## Your task
Filter the records below down to lines containing "gold".

Record excerpts section start

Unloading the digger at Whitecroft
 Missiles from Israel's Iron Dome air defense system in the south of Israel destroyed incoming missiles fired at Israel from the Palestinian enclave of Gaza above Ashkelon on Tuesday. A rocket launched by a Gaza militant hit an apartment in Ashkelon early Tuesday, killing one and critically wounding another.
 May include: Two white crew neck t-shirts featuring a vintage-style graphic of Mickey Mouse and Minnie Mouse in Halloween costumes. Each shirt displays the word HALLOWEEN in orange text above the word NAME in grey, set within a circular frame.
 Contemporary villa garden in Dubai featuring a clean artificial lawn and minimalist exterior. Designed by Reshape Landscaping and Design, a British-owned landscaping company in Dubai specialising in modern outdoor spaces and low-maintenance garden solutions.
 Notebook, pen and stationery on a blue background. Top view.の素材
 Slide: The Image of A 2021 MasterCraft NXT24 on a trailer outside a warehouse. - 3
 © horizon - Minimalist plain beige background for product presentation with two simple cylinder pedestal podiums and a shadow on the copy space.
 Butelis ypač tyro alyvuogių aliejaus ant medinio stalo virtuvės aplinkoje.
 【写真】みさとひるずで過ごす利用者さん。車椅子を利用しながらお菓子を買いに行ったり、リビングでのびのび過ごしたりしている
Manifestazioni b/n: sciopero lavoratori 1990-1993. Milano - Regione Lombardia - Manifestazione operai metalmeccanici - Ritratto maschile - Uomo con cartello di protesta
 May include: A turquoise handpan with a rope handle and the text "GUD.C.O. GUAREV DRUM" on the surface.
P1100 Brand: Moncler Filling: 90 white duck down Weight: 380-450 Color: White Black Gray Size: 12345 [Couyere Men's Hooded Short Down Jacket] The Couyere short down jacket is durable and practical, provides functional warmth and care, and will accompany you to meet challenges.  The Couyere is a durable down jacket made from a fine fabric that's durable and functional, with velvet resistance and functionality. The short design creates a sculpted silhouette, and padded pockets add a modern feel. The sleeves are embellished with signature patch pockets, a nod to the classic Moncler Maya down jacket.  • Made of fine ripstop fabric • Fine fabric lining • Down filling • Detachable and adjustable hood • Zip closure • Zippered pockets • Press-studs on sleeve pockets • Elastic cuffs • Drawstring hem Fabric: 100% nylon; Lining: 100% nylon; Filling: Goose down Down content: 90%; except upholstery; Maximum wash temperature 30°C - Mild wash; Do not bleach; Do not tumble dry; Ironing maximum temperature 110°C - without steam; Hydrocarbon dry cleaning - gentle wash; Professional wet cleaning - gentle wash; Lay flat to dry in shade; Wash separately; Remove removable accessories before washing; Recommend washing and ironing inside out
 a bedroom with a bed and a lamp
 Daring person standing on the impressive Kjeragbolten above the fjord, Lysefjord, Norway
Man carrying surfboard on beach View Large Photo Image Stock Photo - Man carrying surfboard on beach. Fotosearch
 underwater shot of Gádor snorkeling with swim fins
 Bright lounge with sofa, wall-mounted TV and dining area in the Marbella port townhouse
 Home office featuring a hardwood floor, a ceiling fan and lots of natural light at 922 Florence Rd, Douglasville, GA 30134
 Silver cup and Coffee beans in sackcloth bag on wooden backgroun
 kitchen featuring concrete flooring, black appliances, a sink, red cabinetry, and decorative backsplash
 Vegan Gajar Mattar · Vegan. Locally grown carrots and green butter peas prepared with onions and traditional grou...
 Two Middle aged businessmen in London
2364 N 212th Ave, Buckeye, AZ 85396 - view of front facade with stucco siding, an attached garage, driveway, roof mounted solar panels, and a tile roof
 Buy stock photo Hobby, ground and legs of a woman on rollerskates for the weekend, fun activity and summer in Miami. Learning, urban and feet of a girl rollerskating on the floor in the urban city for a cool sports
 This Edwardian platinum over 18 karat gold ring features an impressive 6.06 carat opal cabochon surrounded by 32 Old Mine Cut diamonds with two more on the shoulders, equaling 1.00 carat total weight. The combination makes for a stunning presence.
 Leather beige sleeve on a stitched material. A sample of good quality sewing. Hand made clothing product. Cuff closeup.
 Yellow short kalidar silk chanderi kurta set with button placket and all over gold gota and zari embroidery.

Record excerpts section end

## Output for this task
 This Edwardian platinum over 18 karat gold ring features an impressive 6.06 carat opal cabochon surrounded by 32 Old Mine Cut diamonds with two more on the shoulders, equaling 1.00 carat total weight. The combination makes for a stunning presence.
 Yellow short kalidar silk chanderi kurta set with button placket and all over gold gota and zari embroidery.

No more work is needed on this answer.